(Work order) Please give back each entry below unaltered, leaving the pictures out.

(Listed records)
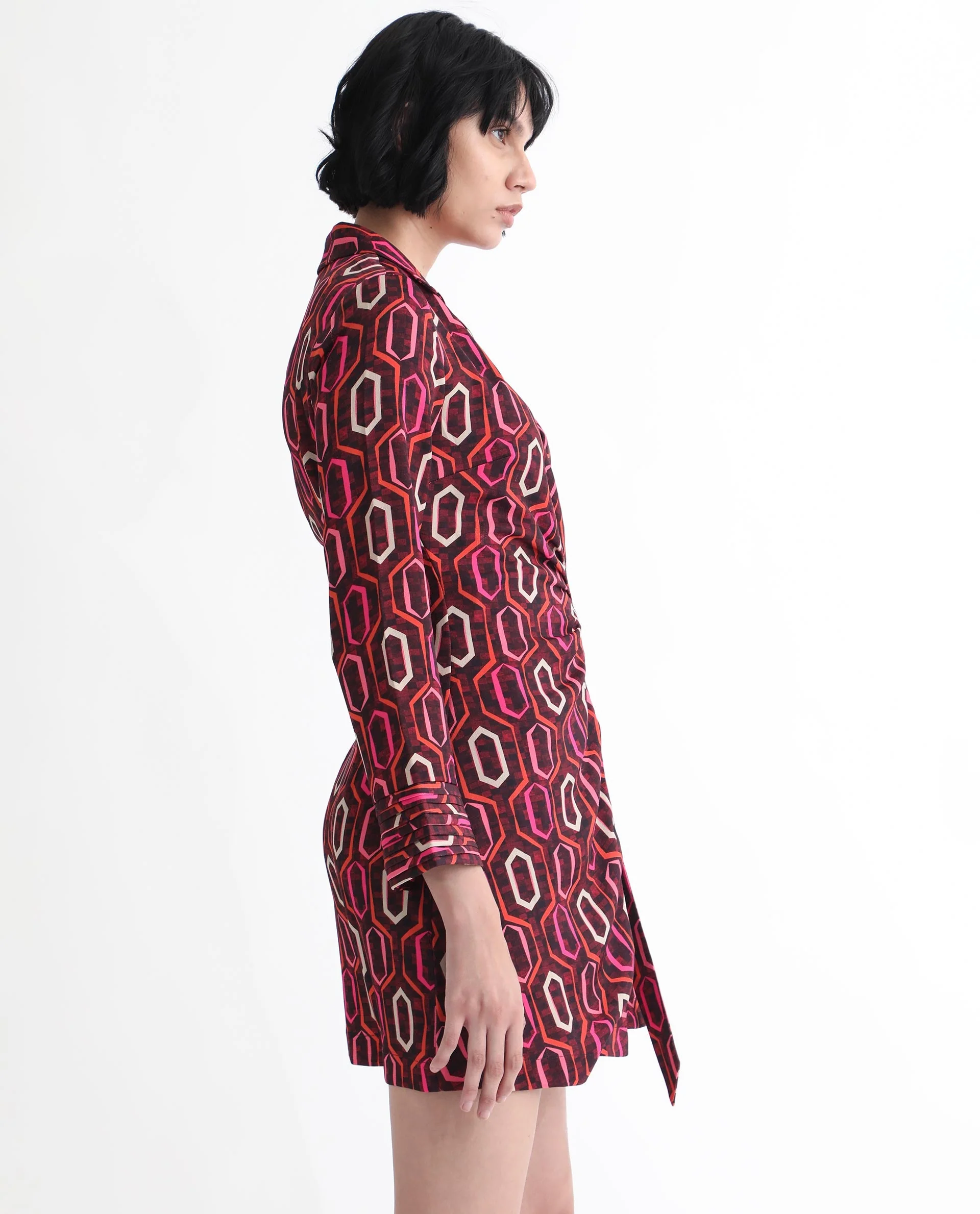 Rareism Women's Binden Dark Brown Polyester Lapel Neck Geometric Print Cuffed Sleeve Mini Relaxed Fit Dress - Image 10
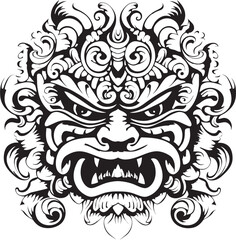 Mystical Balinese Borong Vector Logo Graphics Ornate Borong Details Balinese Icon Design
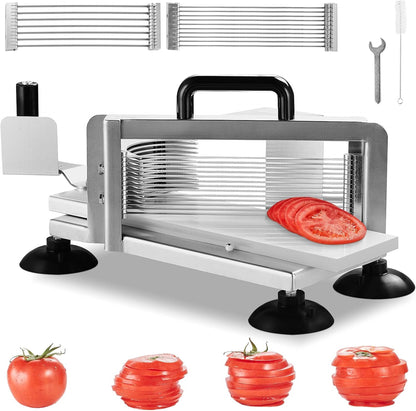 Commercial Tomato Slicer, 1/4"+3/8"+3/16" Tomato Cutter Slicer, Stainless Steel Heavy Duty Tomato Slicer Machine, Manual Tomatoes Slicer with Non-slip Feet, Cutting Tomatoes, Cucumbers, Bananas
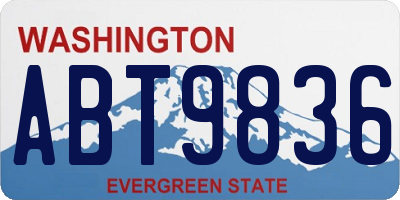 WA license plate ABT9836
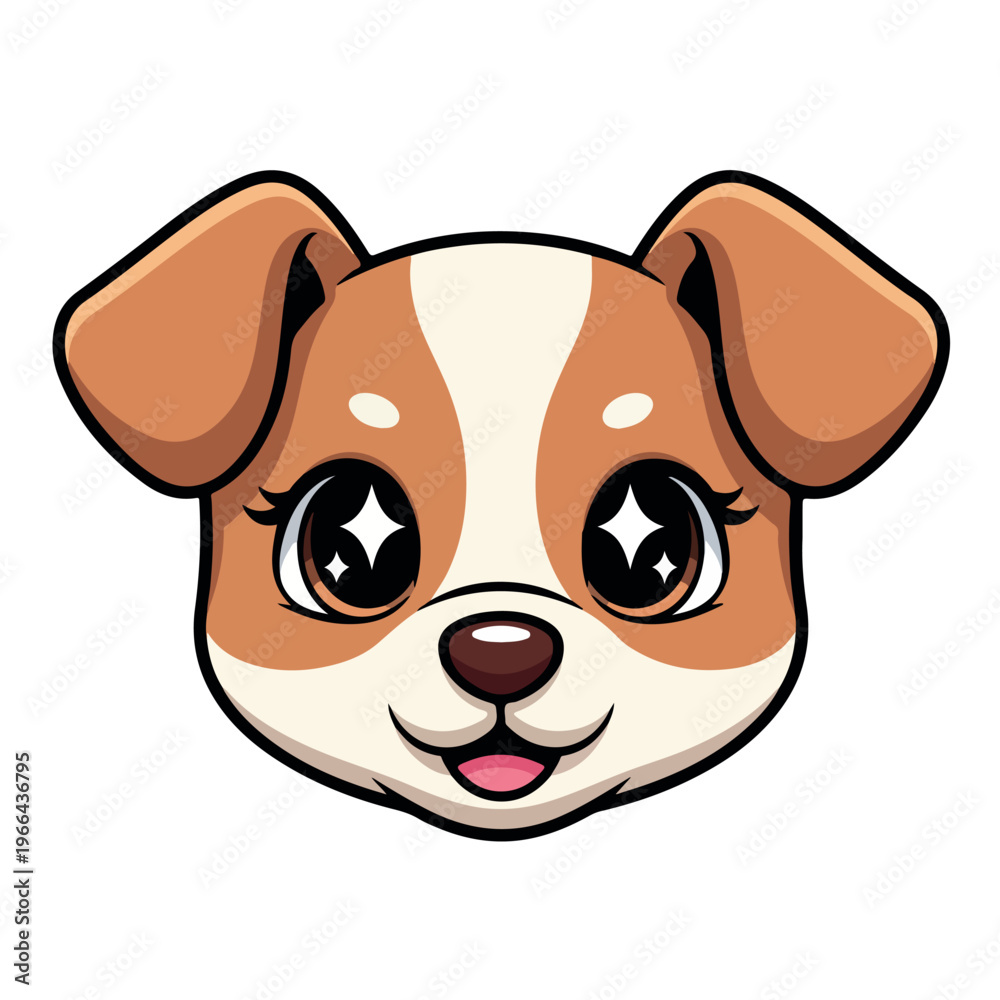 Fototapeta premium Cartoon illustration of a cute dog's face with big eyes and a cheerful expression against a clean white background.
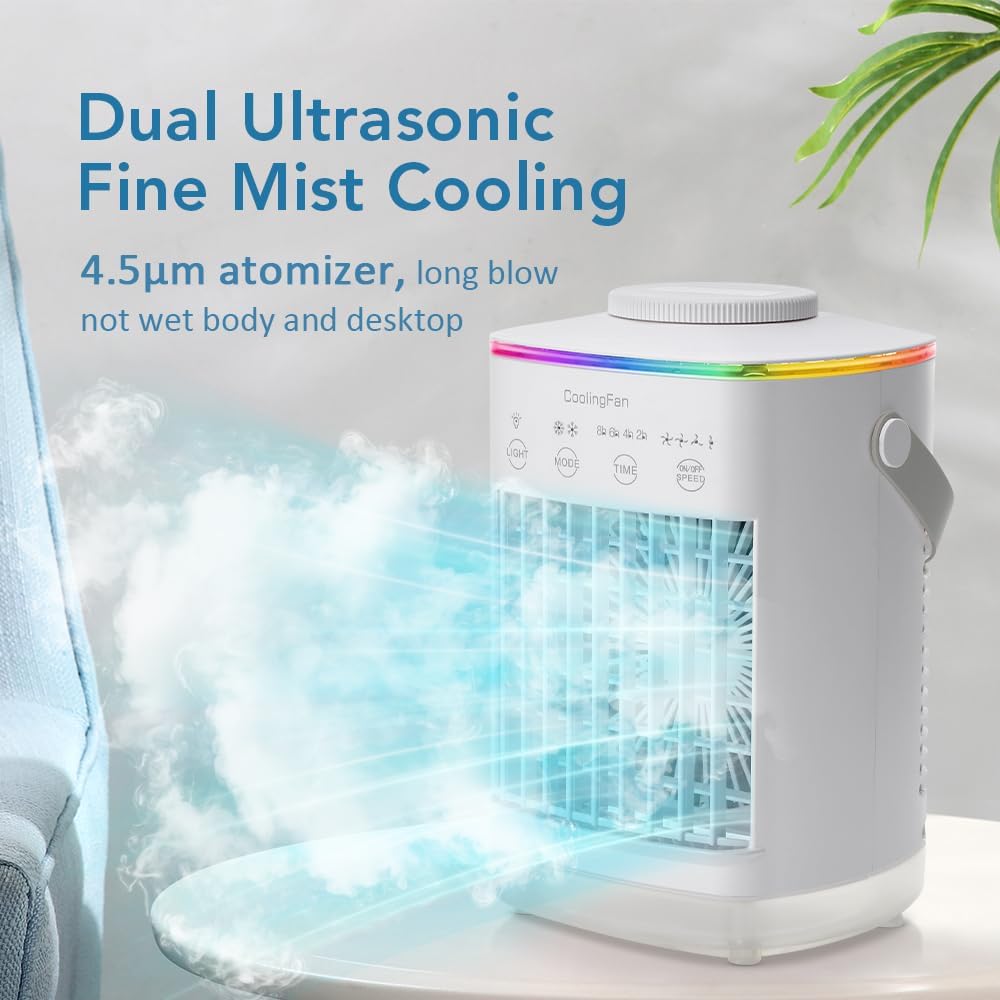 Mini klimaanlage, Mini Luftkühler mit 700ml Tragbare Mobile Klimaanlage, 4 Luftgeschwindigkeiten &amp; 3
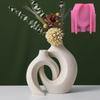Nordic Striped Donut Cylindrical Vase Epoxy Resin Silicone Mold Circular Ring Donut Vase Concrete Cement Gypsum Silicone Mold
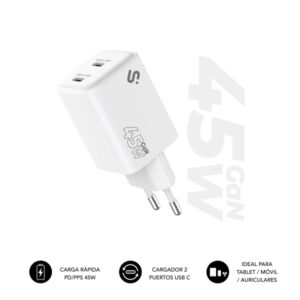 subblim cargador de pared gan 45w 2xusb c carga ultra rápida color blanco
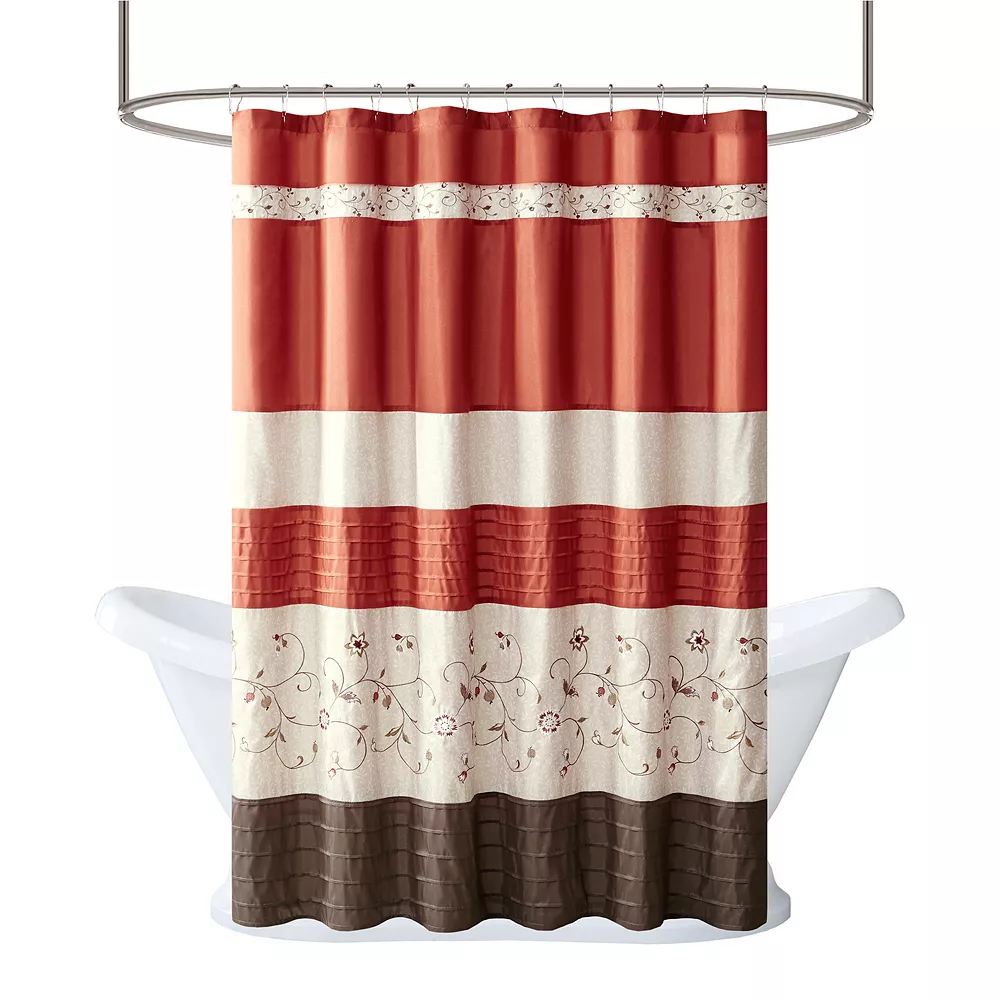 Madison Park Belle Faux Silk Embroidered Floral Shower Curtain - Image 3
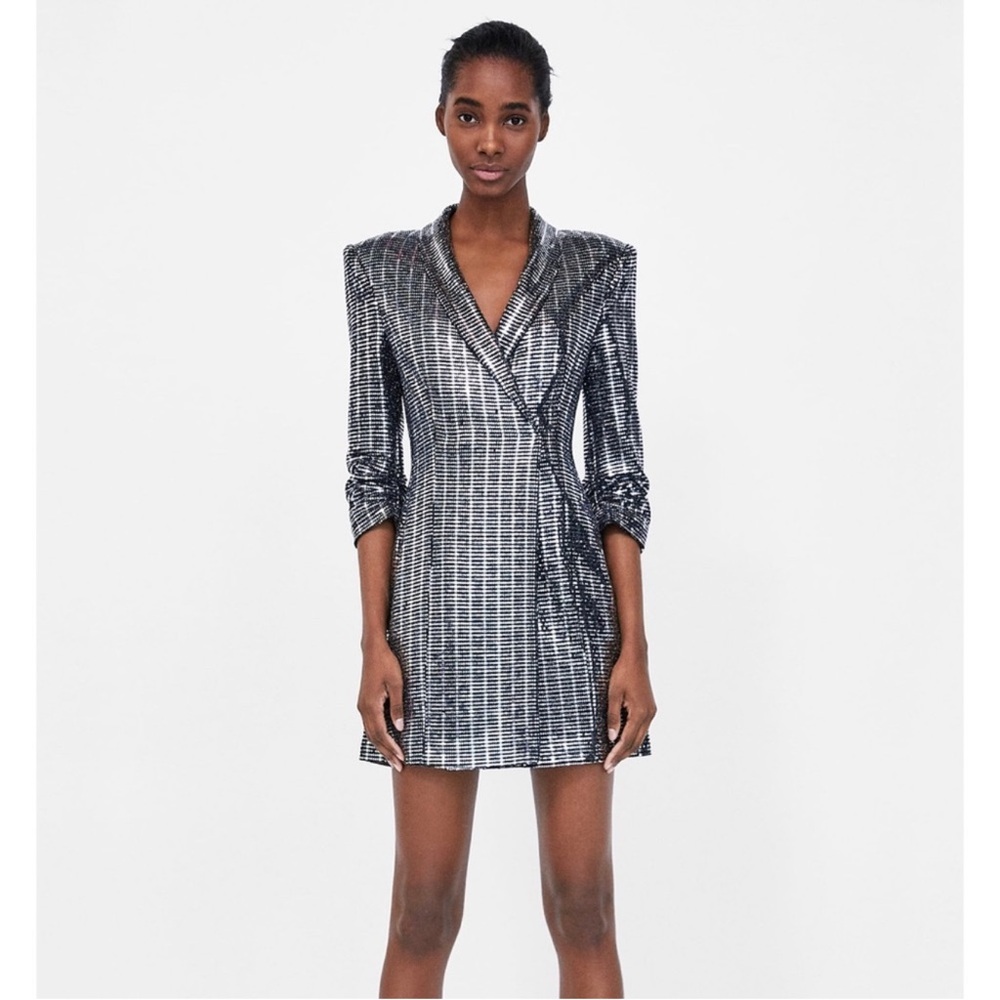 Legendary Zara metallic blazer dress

(Exercise answer)
 Rareism Women's Binden Dark Brown Polyester Lapel Neck Geometric Print Cuffed Sleeve Mini Relaxed Fit Dress - Image 10
 Mystical Balinese Borong Vector Logo Graphics Ornate Borong Details Balinese Icon Design
 Commercial Tomato Slicer, 1/4"+3/8"+3/16" Tomato Cutter Slicer, Stainless Steel Heavy Duty Tomato Slicer Machine, Manual Tomatoes Slicer with Non-slip Feet, Cutting Tomatoes, Cucumbers, Bananas
 WA license plate ABT9836
 Fototapeta premium Cartoon illustration of a cute dog's face with big eyes and a cheerful expression against a clean white background.
 Mini klimaanlage, Mini Luftkühler mit 700ml Tragbare Mobile Klimaanlage, 4 Luftgeschwindigkeiten &amp; 3
Nordic Striped Donut Cylindrical Vase Epoxy Resin Silicone Mold Circular Ring Donut Vase Concrete Cement Gypsum Silicone Mold
 subblim cargador de pared gan 45w 2xusb c carga ultra rápida color blanco
 Madison Park Belle Faux Silk Embroidered Floral Shower Curtain - Image 3
 Legendary Zara metallic blazer dress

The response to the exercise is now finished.